We have discussed the need for security to restrict physical access. The data processing facility requires special consideration in its design. Data processing equipment is a valuable asset that needs to be protected from environmental contamination, malicious personnel, theft, and physical damage.
The data center location should not draw any attention to its true contents. This will alleviate malicious interest by persons motivated to commit theft or vandalism. The facility should be constructed according to national fire-protection codes with a 2-hour fire-protection rating for floors, ceilings, doors, and walls.
Some locations in the building are not suitable for the computer room. Basements are a poor choice because they are susceptible to flooding. In 1960, computers were placed behind glass windows to showcase them as a status symbol. A series of riots in the mid-1960s made it apparent that computers needed to be rapidly moved into fortified rooms. The most expedient location was an unused basement with no windows. The standard over the past 50 years has been to place the data center on a middle floor in the building—preferably located between the second floor and one floor below the top floor.
Note
Basements are a poor choice for data centers. Ground-level floors are not a good choice because they are easy to access by both thieves and attackers. A top floor is not recommended because of the likelihood of storm damage and roof leaks. A floor just below the top floor may be acceptable. The second layer of concrete between the floors provides additional protection from roof leaks. Opaque windows are considered acceptable in some environments if the windows are shatterproof and installed by using a sturdy mount equal to the window rating.
Access to the data center should be monitored and restricted. The same level of protection should be given to wiring closets because they contain related support equipment. Physical protection should be designed by using a 3D space consideration: Intruders should not be able to gain access from above, below, or through the side of the facility.
The physical space inside the data processing facility should be environmentally controlled. Let's move on to a discussion of environmental protection.
The first concern in the data center is electrical power. Electrical power is the lifeblood of computer systems. Unstable power is the number one threat to consistent operations. At a minimum, the data center should have power conditioners and an uninterruptible power supply.
Note
You are expected to understand a few of the terms used to describe conditions that create problems for electrical power.
Figure 7.4 illustrates the different types of electrical power conditions.
Electricity is both an advantage and a hazard. The national fire-protection code requires an emergency power off (EPO) switch to be located near the exit door. The purpose of this switch is to kill power to prevent an individual from being electrocuted. The EPO switch is a red button, which should have a plastic cover to prevent accidental activation. The switch can be wired into the fire-control system for automatic power shutoff if the fire-control system releases water or chemicals to disable a fire.
The uninterruptible power supply (UPS) is an intelligent power monitor coupled with a string of electrical batteries. The UPS constantly monitors electrical power. A UPS can supplement low-voltage conditions by using power stored in the batteries. During a power outage, the UPS will provide a limited amount of battery power to keep the systems running. The duration of this battery power depends on the electrical consumption of the attached equipment. Most UPS units are capable of signaling the computer to automatically shut down before the batteries are completely drained. Larger commercial UPS systems have the ability to signal the electrical standby generator to start.
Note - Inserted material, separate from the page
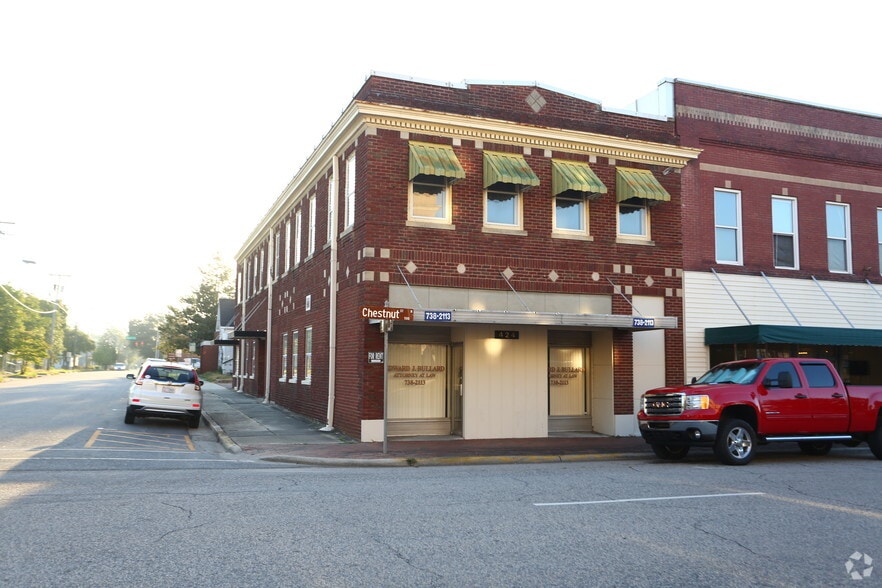 Primary Photo Of 424 N Chestnut St, Lumberton Office For Lease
The standby generator provides auxiliary power whenever commercial power is disrupted. The standby generator can be connected to the UPS for an automated start. The UPS will signal the generator that power is required, and the generator will start warming up. After the generator is warmed up, a transfer circuit will switch the electrical feed from commercial power to the generator power. The UPS will filter the generator power and begin recharging batteries. The standby generator can run for as long as it has fuel. Most standby generators run on diesel fuel or natural gas:
- Diesel generator
A diesel generator requires a large fuel-storage tank with at least 12 hours of fuel. Better-prepared organizations will store at least three days worth of fuel and as much as thirty days of fuel. Simple power failures will typically be resolved within three days. Power failures due to storm damage usually take more than one week to resolve. Smart executives would never trust the business to hollow promises from a fuel delivery service. When power stops, attitudes will flare because the business has been shut down. More fuel storage is cheaper than the outage or expense of a court battle with your supplier over late fuel delivery.
- Natural gas generator
Natural gas–powered generators have the advantage of tapping a gas utility pipeline directly or using a connection through a storage tank. The natural gas generator does not require a fuel truck to refill its fuel tank. The local natural gas pipeline provides a steady supply of fuel for an extended period of time. The natural gas supply is a good idea in areas that are geologically stable.
Note
Air-conditioning equipment is the Achilles heel of generators. An enormous amount of fuel is consumed when running AC using generator power. It also takes a very big generator to run AC compressors. Realistic alternatives to AC include cycling cooler subsurface water from deep wells for convection cooling.
Note
One alternate power-conserving method uses a stored tank of liquid nitrogen for temporary cooling over days or weeks. Liquid nitrogen is used by electronic manufacturers in environmental testing for component failure analysis. The same technique could be applied by venting small amounts of liquid nitrogen through a closed-loop condenser system. Air blowing across the condenser will keep the room cool without burdening the generator.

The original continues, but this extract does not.